Life and Death

The Mansion of Happiness: A History of Life and Death

A finalist for the 2013 Carnegie Medal for Excellence in Nonfiction

Renowned Harvard scholar and New Yorker staff writer Jill Lepore has written a strikingly original, ingeniously conceived and beautifully crafted history of American ideas about life and death from before the cradle to beyond the grave.

How does life begin? What does it mean? What happens when we die? “All anyone can do is ask,” Lepore writes. “That’s why any history of ideas about life and death has to be, like this book, a history of curiosity.” Lepore starts that history with the story of a seventeenth-century Englishman who had the idea that all life begins with an egg, and ends it with an American who, in the 1970s, began freezing the dead. In between, life got longer, the stages of life multiplied, and matters of life and death moved from the library to the laboratory, from the humanities to the sciences. Lately, debates about life and death have determined the course of American politics.
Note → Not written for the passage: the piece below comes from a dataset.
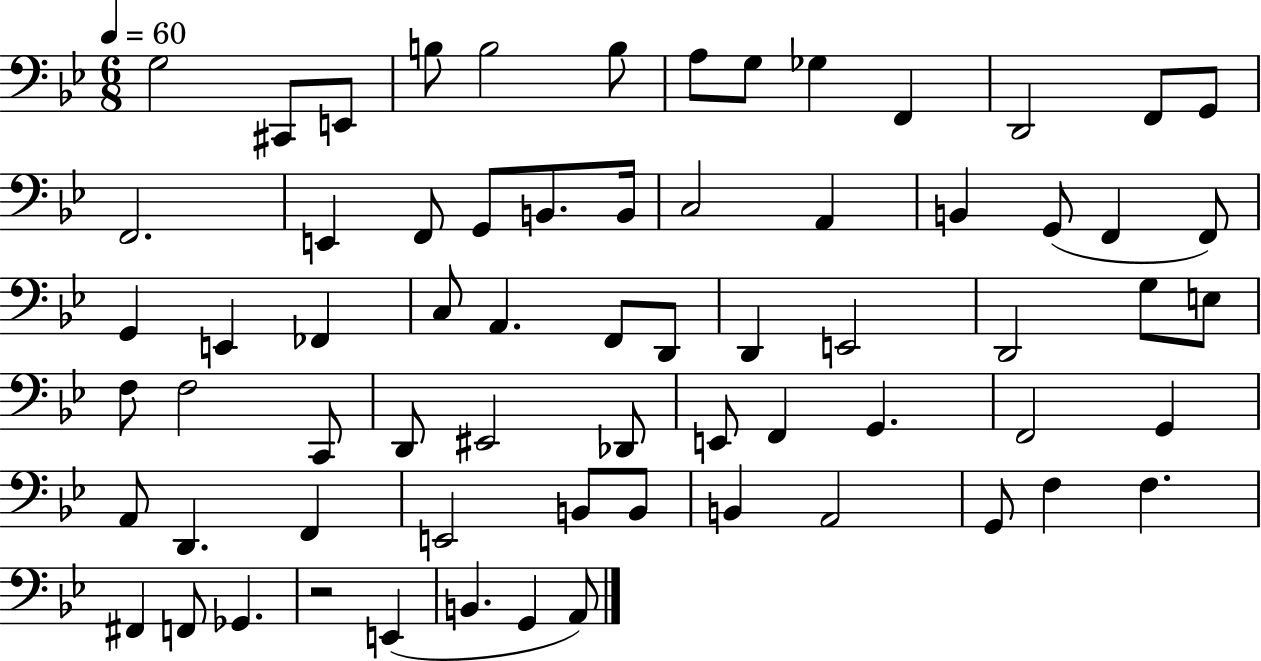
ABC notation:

Each of these debates has a history. Investigating the surprising origins of the stuff of everyday life—from board games to breast pumps—Lepore argues that the age of discovery, Darwin, and the Space Age turned ideas about life on earth topsy-turvy. “New worlds were found,” she writes, and “old paradises were lost.” As much a meditation on the present as an excavation of the past, The Mansion of Happiness is delightful, learned, and altogether beguiling.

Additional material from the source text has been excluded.